◆ What to produce
The reply is to be the lines from the one with "COVENT東大門代購女士新款時尚職業休閑真品熱賣人氣推薦T恤COVENTT恤" through the last line of the records below, each retyped exactly, with pictures left out.

☆ ☆ ☆

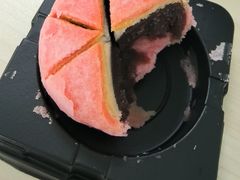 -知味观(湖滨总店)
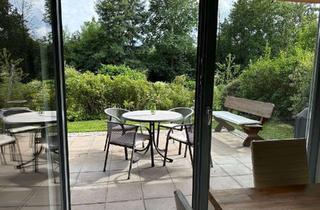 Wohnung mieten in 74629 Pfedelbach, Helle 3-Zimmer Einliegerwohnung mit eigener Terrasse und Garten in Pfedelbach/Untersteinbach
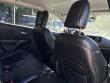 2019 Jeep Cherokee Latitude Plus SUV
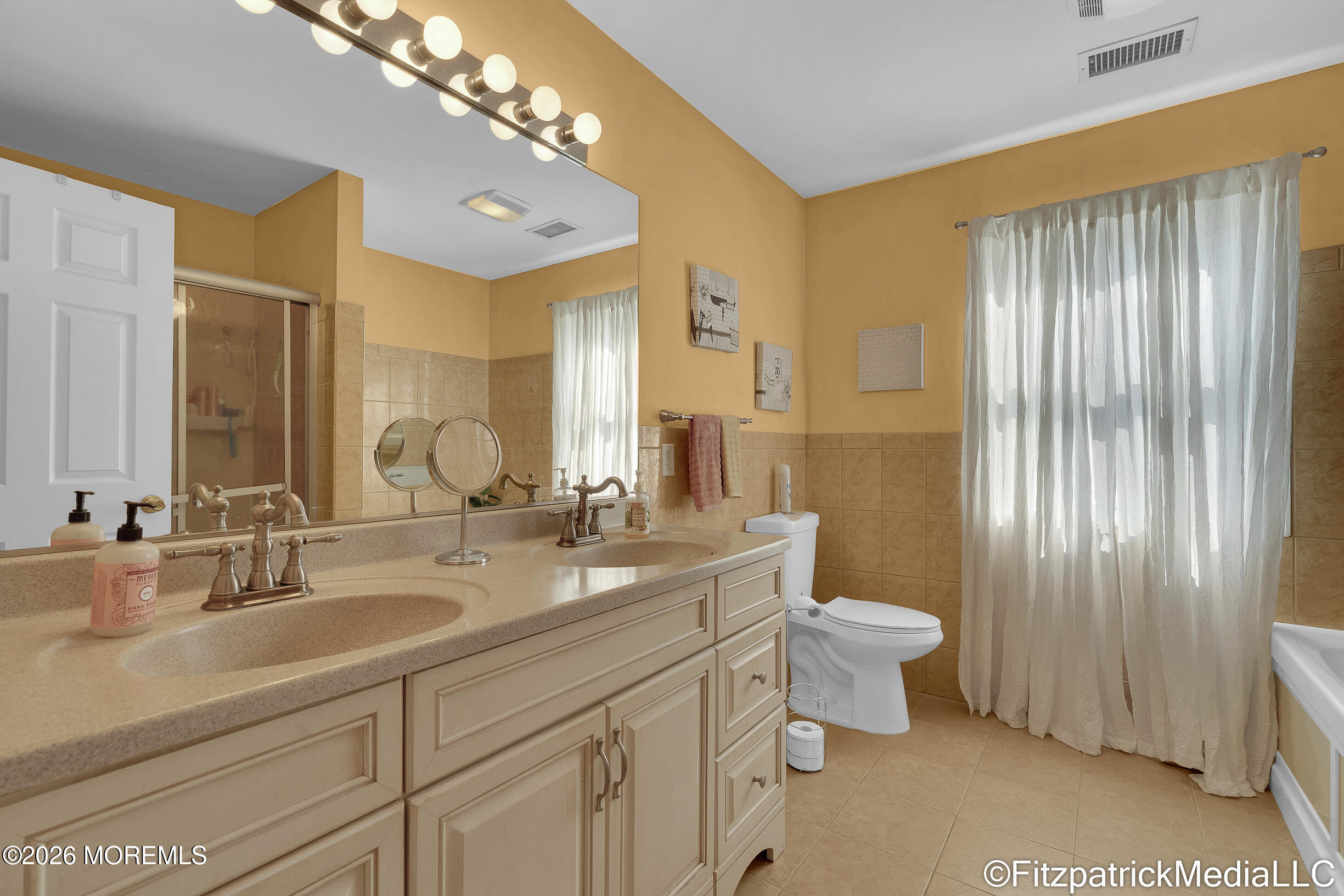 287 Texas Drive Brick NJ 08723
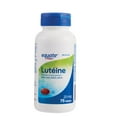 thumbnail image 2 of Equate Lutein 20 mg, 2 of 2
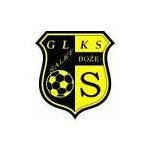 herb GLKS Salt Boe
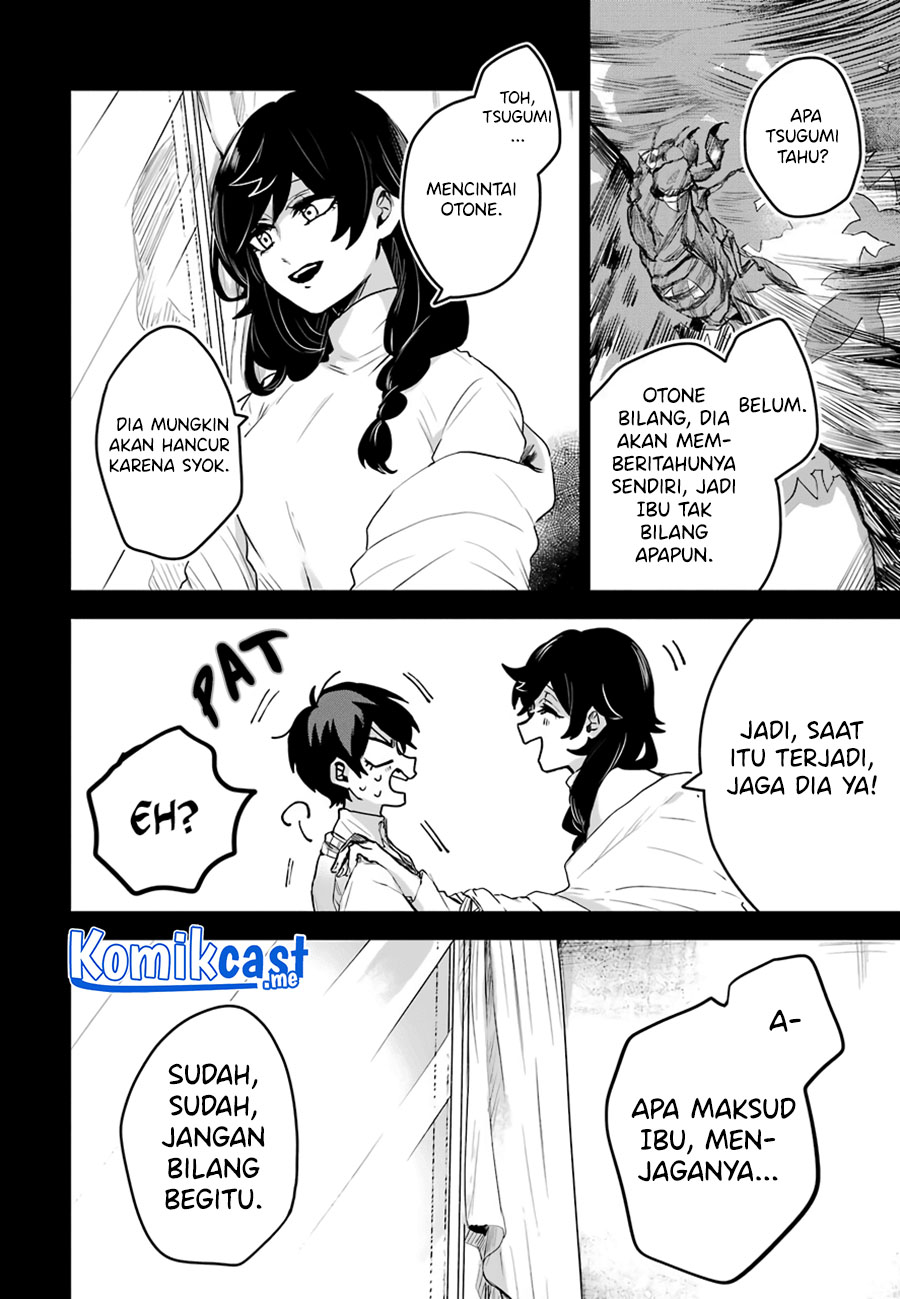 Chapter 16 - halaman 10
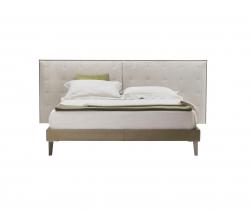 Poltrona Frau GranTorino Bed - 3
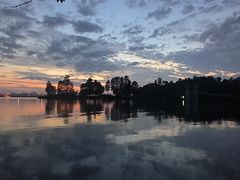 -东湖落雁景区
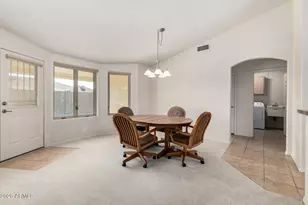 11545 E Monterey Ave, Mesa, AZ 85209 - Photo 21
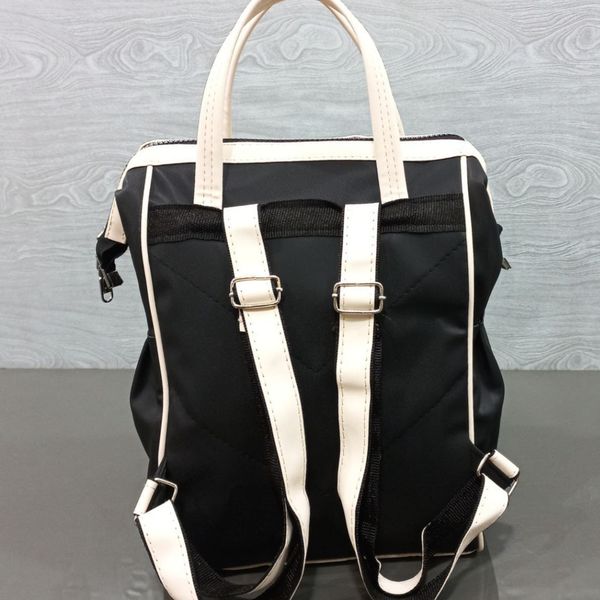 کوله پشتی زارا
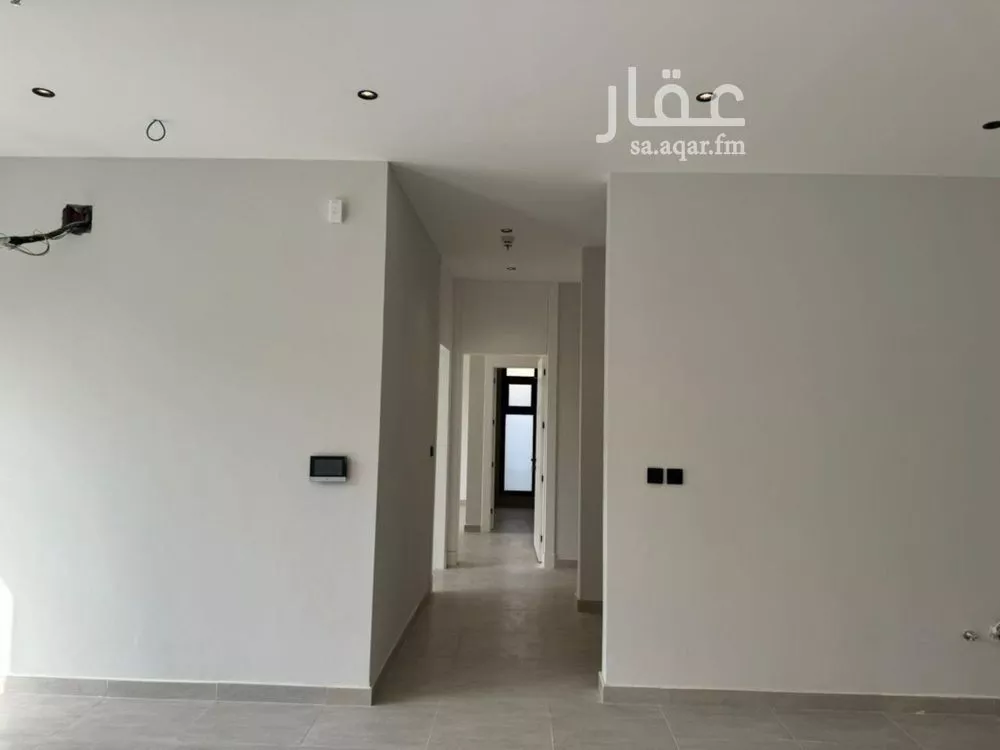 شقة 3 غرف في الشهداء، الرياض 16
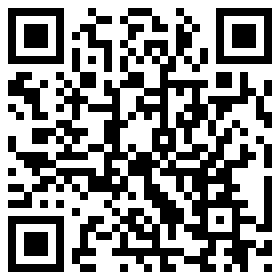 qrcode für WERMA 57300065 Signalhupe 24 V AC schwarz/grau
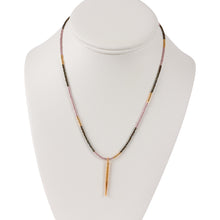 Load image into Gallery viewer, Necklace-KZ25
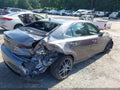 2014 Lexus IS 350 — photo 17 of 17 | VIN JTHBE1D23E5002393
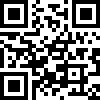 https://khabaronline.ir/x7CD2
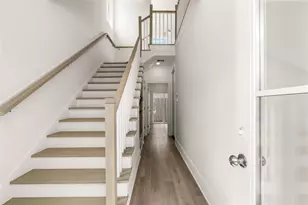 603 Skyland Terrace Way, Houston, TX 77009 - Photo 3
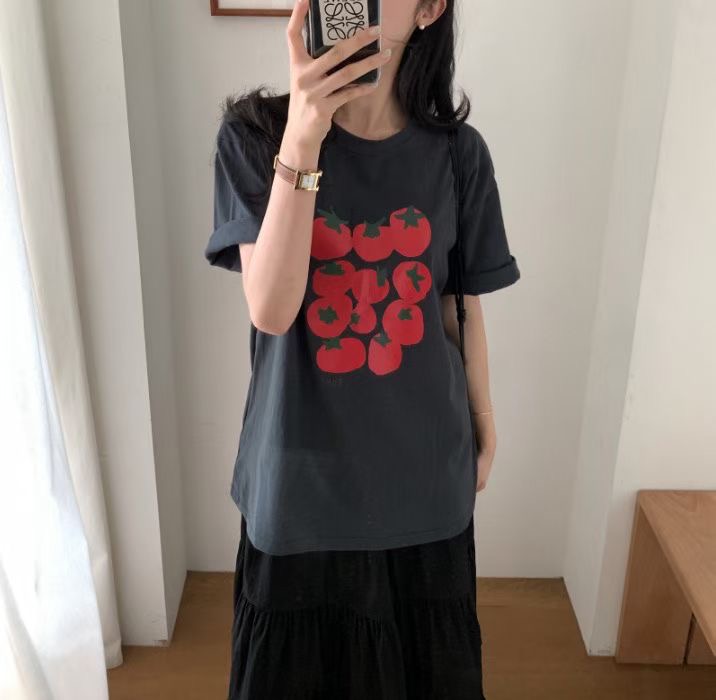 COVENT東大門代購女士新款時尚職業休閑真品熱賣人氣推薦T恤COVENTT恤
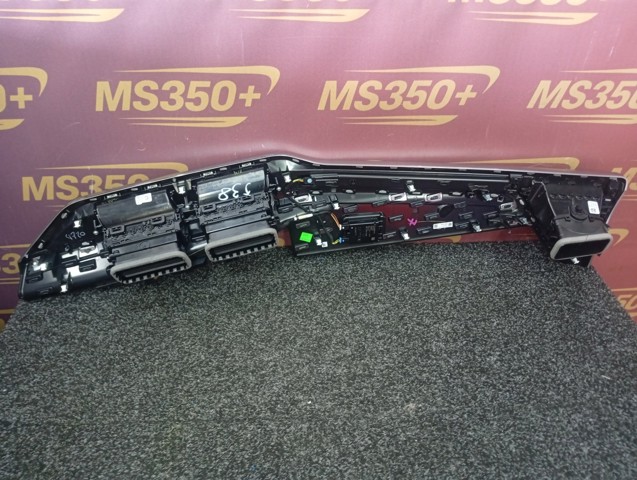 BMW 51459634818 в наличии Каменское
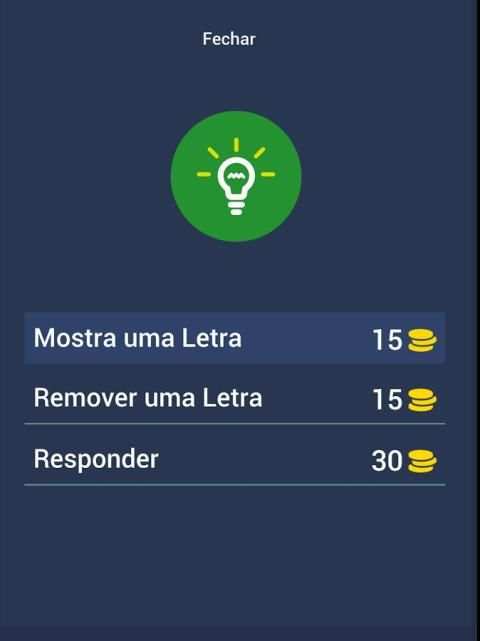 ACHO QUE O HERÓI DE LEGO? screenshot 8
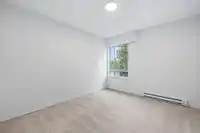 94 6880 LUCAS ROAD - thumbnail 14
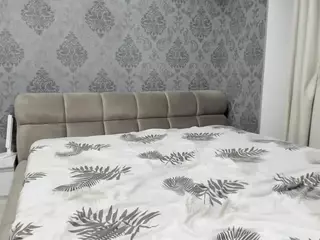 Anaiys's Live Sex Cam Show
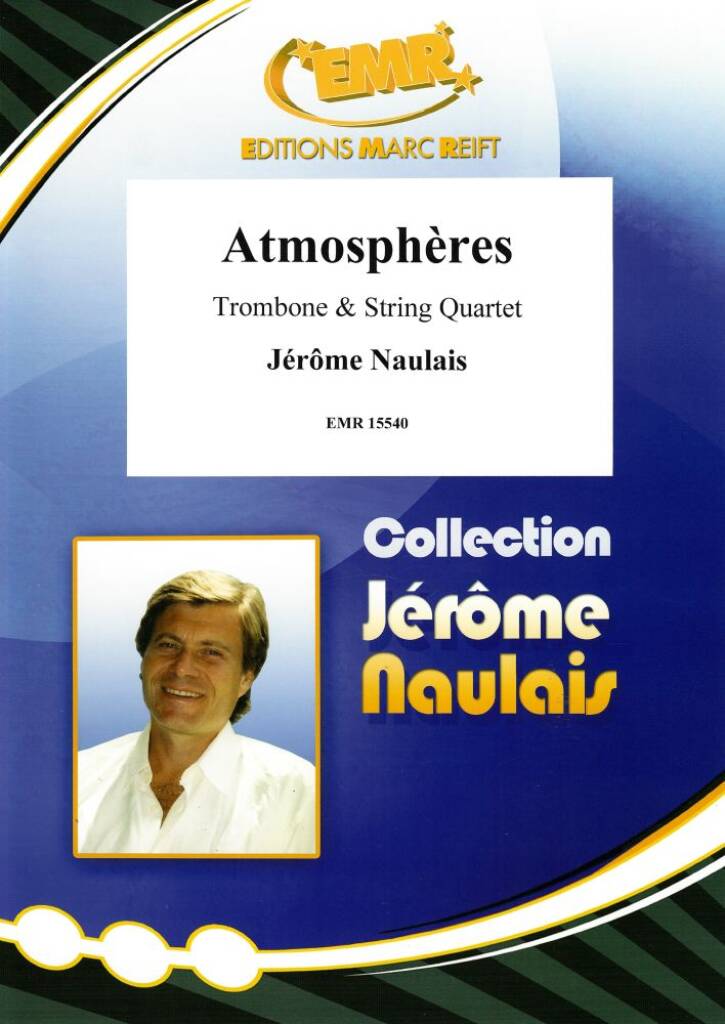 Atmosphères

☆ ☆ ☆

◆ Written solution
 COVENT東大門代購女士新款時尚職業休閑真品熱賣人氣推薦T恤COVENTT恤
 BMW 51459634818 в наличии Каменское
 ACHO QUE O HERÓI DE LEGO? screenshot 8
 94 6880 LUCAS ROAD - thumbnail 14
 Anaiys's Live Sex Cam Show
 Atmosphères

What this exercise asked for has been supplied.